↓

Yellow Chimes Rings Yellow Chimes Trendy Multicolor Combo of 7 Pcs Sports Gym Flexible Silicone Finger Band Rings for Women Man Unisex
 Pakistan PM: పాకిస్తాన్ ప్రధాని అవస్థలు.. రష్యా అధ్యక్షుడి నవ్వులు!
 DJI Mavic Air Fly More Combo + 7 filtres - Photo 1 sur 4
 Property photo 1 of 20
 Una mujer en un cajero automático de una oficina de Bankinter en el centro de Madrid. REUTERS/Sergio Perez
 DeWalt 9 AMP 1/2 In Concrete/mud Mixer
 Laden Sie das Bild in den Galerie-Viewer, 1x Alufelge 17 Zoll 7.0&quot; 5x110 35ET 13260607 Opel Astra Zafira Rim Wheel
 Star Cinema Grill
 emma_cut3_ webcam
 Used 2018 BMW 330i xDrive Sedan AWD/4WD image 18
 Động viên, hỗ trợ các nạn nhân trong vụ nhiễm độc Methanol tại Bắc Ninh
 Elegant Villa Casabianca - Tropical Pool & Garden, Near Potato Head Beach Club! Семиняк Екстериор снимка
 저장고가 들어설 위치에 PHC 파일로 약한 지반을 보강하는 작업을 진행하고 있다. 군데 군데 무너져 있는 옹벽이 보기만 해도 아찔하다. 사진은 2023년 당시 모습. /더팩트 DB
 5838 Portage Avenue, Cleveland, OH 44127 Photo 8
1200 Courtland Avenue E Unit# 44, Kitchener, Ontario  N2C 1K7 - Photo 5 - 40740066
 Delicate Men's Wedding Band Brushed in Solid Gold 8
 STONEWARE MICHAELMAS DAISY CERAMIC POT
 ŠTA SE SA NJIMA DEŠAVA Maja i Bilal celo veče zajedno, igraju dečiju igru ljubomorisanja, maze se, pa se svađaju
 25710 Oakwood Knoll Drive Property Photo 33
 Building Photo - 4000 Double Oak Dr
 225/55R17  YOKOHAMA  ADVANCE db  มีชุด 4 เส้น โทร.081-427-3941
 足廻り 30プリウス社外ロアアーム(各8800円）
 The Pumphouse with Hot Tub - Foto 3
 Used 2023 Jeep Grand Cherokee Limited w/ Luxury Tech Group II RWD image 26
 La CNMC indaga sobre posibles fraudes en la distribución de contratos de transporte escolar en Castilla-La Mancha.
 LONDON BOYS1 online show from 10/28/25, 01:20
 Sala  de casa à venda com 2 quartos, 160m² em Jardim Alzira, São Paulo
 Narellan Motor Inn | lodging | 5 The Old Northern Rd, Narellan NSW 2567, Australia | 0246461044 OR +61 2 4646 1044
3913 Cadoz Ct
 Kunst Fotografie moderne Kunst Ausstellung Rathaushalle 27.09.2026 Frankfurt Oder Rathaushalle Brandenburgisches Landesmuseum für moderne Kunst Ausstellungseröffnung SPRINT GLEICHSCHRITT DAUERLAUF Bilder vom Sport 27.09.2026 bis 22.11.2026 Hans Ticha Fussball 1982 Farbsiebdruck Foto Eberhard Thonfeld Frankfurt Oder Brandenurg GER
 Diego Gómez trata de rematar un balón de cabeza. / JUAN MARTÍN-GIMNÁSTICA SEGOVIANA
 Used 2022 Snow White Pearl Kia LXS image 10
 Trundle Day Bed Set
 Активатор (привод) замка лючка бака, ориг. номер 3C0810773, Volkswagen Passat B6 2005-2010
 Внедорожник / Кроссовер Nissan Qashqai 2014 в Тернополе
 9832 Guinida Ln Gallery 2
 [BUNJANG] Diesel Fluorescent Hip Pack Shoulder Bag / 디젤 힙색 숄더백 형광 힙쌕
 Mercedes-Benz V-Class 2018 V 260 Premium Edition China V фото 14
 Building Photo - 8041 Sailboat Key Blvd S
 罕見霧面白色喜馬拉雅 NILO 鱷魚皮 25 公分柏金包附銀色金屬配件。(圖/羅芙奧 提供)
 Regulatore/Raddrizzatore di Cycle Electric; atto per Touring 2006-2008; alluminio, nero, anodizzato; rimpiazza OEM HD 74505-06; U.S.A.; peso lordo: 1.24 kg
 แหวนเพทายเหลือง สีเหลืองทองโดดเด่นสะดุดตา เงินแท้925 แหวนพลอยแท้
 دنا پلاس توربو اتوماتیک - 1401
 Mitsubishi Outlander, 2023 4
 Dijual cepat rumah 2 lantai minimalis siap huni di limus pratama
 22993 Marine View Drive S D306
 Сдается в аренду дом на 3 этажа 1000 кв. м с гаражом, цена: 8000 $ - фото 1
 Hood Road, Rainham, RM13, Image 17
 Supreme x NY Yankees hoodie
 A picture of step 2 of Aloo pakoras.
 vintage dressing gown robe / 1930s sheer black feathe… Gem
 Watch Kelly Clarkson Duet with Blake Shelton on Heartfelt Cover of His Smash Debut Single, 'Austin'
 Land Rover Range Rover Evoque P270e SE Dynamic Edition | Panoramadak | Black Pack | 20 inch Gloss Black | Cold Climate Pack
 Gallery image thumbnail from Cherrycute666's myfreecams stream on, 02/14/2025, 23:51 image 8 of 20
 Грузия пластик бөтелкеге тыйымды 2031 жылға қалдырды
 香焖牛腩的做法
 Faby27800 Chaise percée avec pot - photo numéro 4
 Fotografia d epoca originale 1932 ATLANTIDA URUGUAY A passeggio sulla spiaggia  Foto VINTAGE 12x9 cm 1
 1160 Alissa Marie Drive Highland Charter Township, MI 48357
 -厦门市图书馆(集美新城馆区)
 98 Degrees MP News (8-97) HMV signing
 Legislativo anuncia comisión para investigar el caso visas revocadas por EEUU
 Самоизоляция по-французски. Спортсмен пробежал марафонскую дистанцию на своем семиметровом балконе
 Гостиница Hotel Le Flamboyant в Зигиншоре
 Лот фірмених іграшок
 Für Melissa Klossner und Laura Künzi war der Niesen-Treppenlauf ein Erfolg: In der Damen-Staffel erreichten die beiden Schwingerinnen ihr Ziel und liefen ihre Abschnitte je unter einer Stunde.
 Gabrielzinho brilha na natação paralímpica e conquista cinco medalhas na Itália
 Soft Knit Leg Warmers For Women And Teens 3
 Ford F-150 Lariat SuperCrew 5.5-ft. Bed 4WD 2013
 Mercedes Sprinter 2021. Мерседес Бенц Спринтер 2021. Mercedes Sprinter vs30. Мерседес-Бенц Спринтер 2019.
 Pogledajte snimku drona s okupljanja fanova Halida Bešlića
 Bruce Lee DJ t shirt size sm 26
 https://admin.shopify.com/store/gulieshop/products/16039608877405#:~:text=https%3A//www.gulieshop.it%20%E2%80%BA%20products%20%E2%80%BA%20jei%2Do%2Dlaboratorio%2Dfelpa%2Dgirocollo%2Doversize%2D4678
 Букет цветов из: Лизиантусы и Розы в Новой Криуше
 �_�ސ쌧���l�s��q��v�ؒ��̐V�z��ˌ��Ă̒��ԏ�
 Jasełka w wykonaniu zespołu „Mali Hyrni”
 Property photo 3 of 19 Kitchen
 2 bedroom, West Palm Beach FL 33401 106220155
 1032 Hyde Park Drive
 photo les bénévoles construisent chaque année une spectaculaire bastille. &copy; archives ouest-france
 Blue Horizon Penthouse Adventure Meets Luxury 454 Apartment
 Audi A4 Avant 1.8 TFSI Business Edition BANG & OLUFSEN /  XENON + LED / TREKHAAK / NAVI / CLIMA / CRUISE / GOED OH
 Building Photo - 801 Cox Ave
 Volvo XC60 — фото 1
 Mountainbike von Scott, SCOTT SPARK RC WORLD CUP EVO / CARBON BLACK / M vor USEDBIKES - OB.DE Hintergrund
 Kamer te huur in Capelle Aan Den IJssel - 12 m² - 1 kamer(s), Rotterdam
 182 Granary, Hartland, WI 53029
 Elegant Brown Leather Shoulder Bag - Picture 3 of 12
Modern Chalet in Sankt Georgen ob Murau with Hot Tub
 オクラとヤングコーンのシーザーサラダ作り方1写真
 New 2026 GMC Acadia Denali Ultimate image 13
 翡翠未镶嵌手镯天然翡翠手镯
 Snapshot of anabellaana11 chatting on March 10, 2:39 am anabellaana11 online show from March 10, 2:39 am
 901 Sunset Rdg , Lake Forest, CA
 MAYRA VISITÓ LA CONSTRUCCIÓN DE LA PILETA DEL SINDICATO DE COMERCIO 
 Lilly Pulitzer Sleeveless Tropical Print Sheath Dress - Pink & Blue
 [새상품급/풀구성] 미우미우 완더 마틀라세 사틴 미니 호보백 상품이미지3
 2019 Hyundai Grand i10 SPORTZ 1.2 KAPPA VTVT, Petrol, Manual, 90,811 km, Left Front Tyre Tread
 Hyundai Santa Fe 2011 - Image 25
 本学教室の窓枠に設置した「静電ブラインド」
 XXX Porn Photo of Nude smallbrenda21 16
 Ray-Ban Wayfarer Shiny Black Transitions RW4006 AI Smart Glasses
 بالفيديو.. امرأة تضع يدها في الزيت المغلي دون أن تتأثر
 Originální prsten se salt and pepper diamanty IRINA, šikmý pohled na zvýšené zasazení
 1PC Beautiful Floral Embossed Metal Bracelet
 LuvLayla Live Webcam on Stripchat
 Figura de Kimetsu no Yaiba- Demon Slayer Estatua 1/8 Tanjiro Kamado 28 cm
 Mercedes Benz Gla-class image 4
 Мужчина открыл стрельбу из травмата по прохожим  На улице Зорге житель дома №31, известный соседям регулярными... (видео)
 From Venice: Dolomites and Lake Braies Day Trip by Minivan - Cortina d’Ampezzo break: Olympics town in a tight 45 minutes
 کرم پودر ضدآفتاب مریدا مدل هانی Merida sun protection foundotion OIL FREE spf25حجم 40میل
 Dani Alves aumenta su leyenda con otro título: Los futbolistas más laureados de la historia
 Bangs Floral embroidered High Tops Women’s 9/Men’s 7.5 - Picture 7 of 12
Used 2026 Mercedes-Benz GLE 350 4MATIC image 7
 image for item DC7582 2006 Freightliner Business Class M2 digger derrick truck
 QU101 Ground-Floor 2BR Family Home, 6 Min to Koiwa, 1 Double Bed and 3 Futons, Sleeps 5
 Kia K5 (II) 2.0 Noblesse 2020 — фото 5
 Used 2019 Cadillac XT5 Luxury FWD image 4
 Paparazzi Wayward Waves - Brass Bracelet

↑

Transcribe verbatim. Cover the lines from the first line of the entries above to the line containing "Property photo 1 of 20", inclusive.

Written answer
Yellow Chimes Rings Yellow Chimes Trendy Multicolor Combo of 7 Pcs Sports Gym Flexible Silicone Finger Band Rings for Women Man Unisex
 Pakistan PM: పాకిస్తాన్ ప్రధాని అవస్థలు.. రష్యా అధ్యక్షుడి నవ్వులు!
 DJI Mavic Air Fly More Combo + 7 filtres - Photo 1 sur 4
 Property photo 1 of 20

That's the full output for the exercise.